後株と前株の違い|英語にも後株、前株の区別はあるか

2015年6月2日更新

日本では「株式会社」を(株)ABCのように社名の前につけるケースを「前株」(まえかぶ)、反対にABC(株)のように社名のあとにつけるケースを「後株」(あとかぶ)として区別しています。

日本での正式な社名というのは、法務局に法人登記された社名である為、「株式会社」の位置は自由に書いてよいというものではなく、登記されたときの順番(前か、後か)で記載する必要があります。(株)が社名の前か後かで別の会社にもなってしまいます。
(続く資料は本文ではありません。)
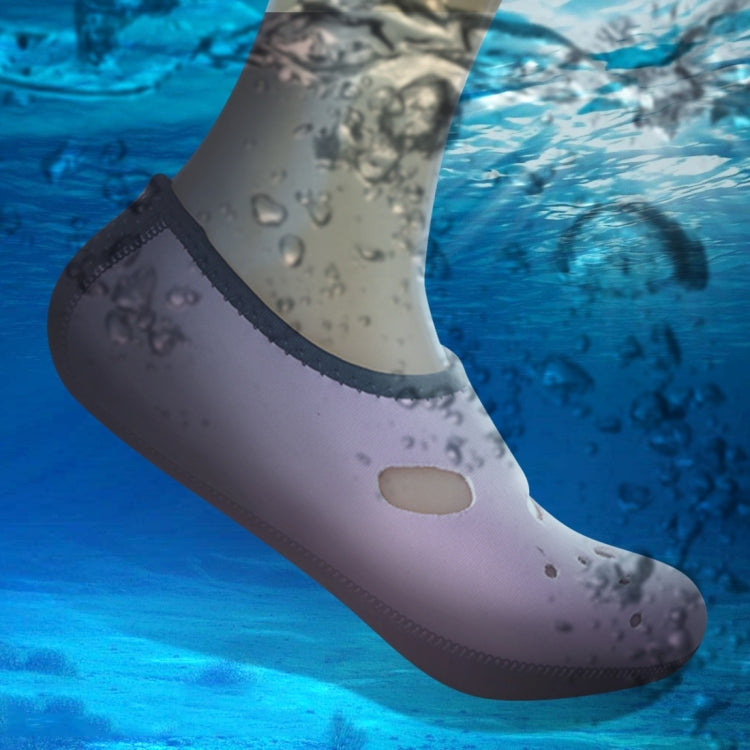Comfortable and anti-slip 3MM swimming diving socks breathable water to swim the beach socks Size:XXS (Children), Size: XXS, Size: XXS Blue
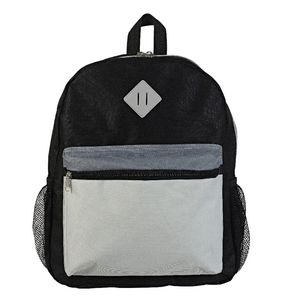 Essential Backpack Black Grey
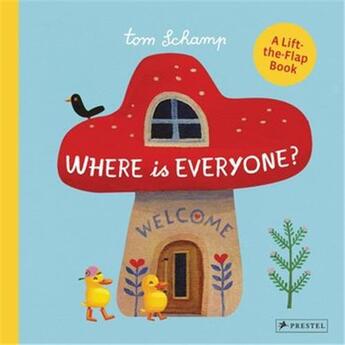 Couverture du livre « Where is everyone? » de Tom Schamp aux éditions Prestel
米国や英国をはじめ、諸外国にはこのように株式会社に相当する文言は、必ず社名のあとにつくため、こうした問題は起きません。すなわち、ABC corporationやABC Co., Ltd、ABC Incorporatedといった表記方法です。これがcorporation ABCといった語順には決してなりませんので、英語における後株、前株の区別はないということになります。

では、前株、後株を英訳する場合にはどうするのかという問題が出てきます。英語での社名については(社名にアルファベットを含むという意味ではなく、日本語の会社名を英語名に直す、という意味)、登記することはできません。会社として、英文表記を統一するような必要がある場合、定款に英語での表記を記載することはできるため、多くの会社ではこの方法が用いられています。
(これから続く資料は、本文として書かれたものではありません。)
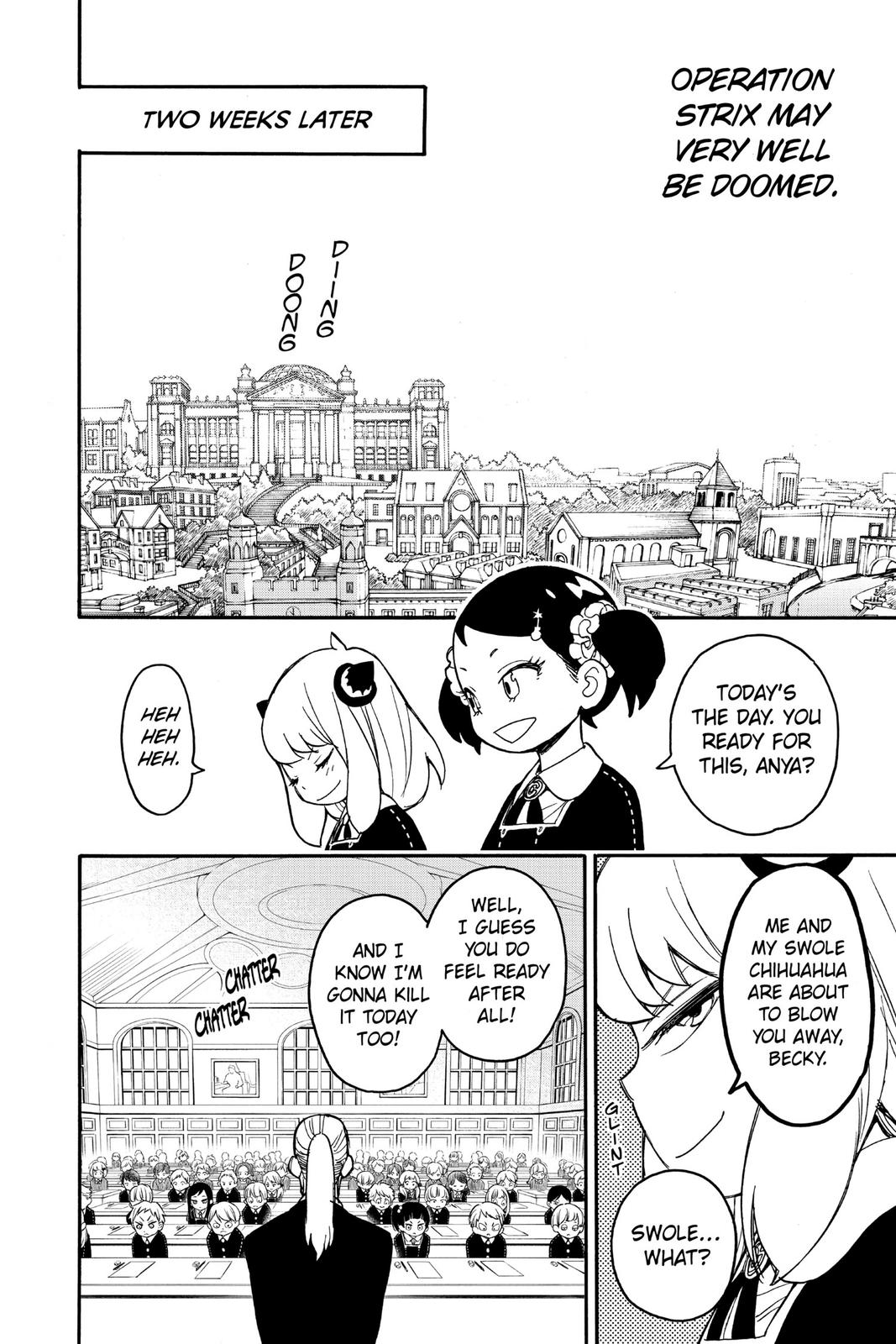 Spy x Family Chapter 26 - Page 22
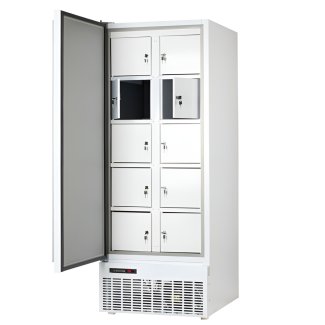 <strong>TC 600R Solid door refrigerator with compartments 600 liter</strong>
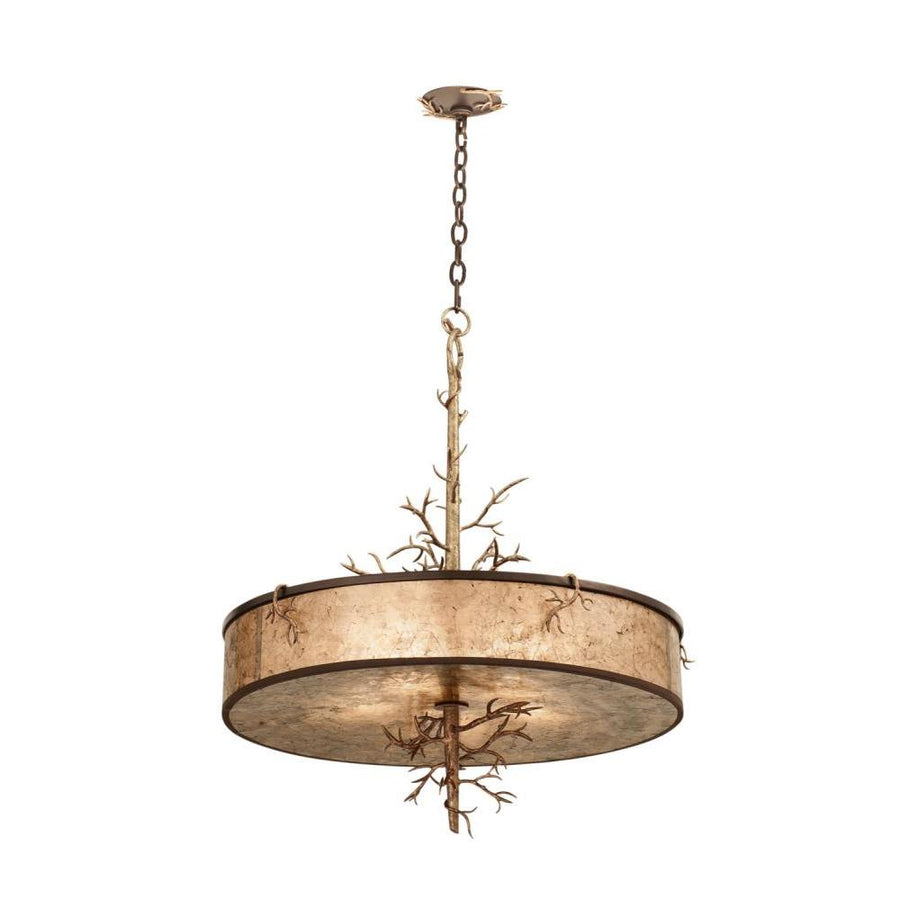 Oakham 28 Inch Wall Sconce – Bronze Gold – 6615BZG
したがって、日本語の社名を英文社名に直す場合には、まずその会社が正式に「英語での社名」を定款などでルール化しているかどうかという点を確認する必要があります。一般には会社のコーポレートサイトや、その会社の英語サイト、グローバルサイト等を見ると表記されています。ない場合は個別に問い合わせる必要がありますが、「特に決めてない」という会社も多いと思います。
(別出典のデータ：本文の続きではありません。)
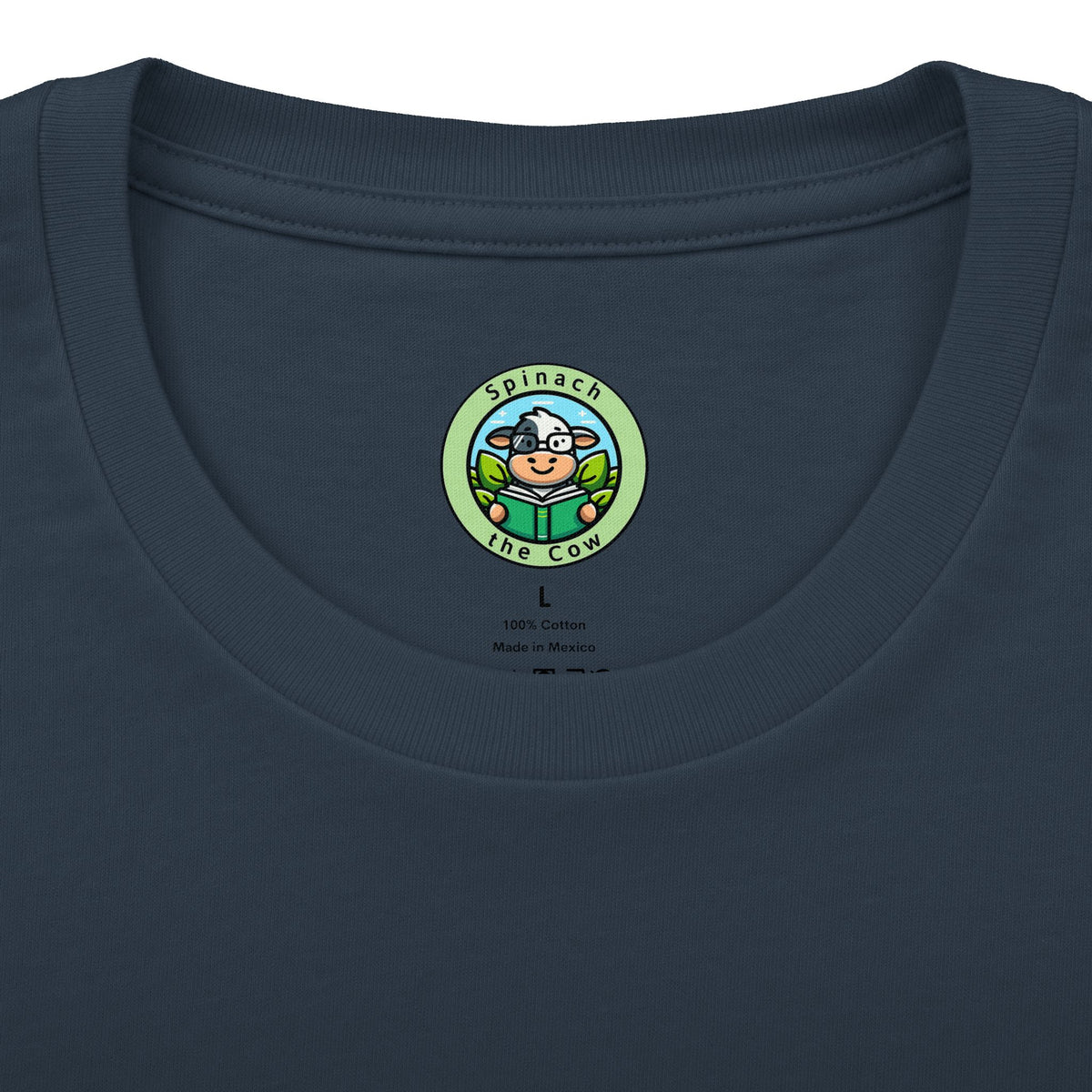 Be Curious, Not Judgmental Tee (Dark)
統一した英語表記が望ましいですが、その場限りで会社名を表記する必要がある場合、状況に応じてCompany limitedやKabushiki Kaishaといった言い方で英文表記に直す必要があります。なお、Kabushiki Kaisha(K.K.)といった書き方は、日本の会社に馴染みのない諸外国の人には通じない可能性が高いですが、この表記を使う限り、前株、後株どちらにすることも可能です。(株)ABCといった場合、K.K. ABCといった表記をするケースもあります(非常に違和感がありますが…)。

難しいケースとしては、後株、前株の違いは以外はすべて同じ社名を区別する必要があるような場合です。Company LimitedやCorporationなどで使い分ける方法もあれば、上記のKK(Kabusiki Kaisha)を使う方法、社名部分に名称を加えて区別する方法、括弧付で本社所在地を書いて区別する方法等ありますが、両社ともに定款でまったく同一の英文社名を名乗るということになっていた場合は、英語で区別する方法はなくなります。